Supreme Court of New Hampshire Hillsborough
Oct 7, 1958
144 A.2d 909 (N.H. 1958)

Opinion

No. 4671.

Argued September 3, 1958.

Decided October 7, 1958.

1. The liability of a municipality under RSA 245:20 for damages caused by change in grade of a highway is limited to those damages resulting from changes made in the duly established grade and hence abutting property owners who acquired property after a grade was duly established are charged with notice thereof and are not entitled to damages resulting from changes made in accordance with such grade although effected subsequent to their acquisition.
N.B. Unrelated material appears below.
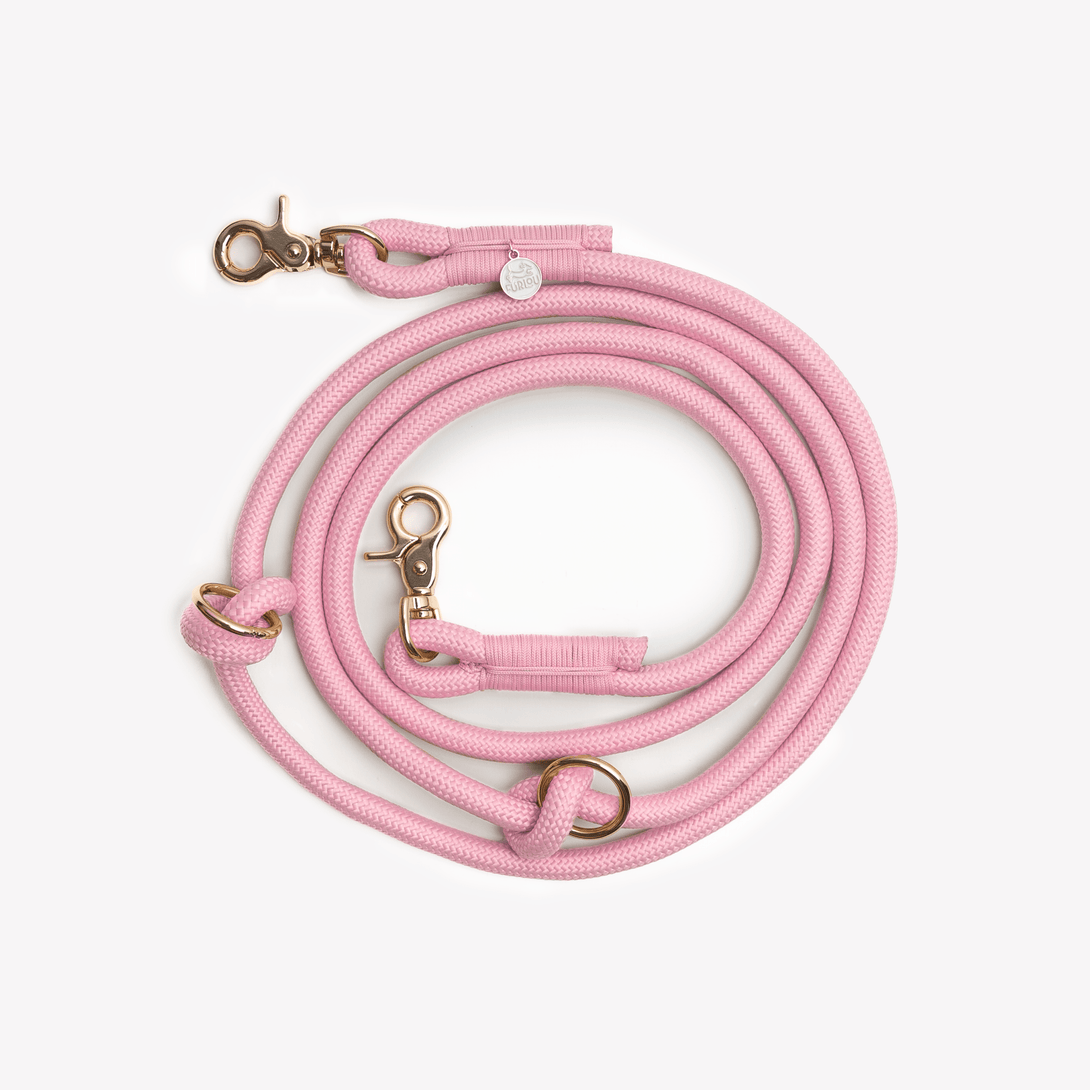 Pink - Hands Free Braided Dog Leash – Dog Leashes by FURLOU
2. Whether subsequent purchasers of abutting property who suffer at hardship resulting from a change in grade of a highway in accordance with a previously established grade should be compensated therefor is a matter of policy for the Legislature.

PETITIONS, by Marcel and Roberta L. Landry and Joseph and Wanda Stefens, under RSA 245:21, to recover damages resulting from a change in the grades of Bremer and Kimball Streets in the city of Manchester. The cases were tried together. The plaintiffs Landrys' land upon which they built their home is on the corner of the two streets. The plaintiffs Stefens' property adjoins Landrys' and is on Kimball Street. Kimball Street was accepted by the city on October 29, 1951. Bremer Street was accepted by the city on July 9, 1951.

On August 4, 1954, before the Landrys' house was built, they were given a grade by the city corresponding with the original curb grade on record at the city engineer's office and taken from a plan drawn pursuant to "level notes" made in 1928. When the Landrys purchased their property, the area occupied by the sidewalk had not been cut back to the original curb grade, but had been left in a sloping condition, and the actual change in grade made between June 4, 1955 and November 19, 1955, was to a lower grade in the area covered by the sidewalk than appears in the original curb grade.

It has been agreed that the damages with respect to the change in grade on Bremer Street are to be considered with regard to the existing grade as now established on the ground and not as established on paper; and, if at a future date an actual change on the ground is made, it will be the subject of another petition by the Landrys.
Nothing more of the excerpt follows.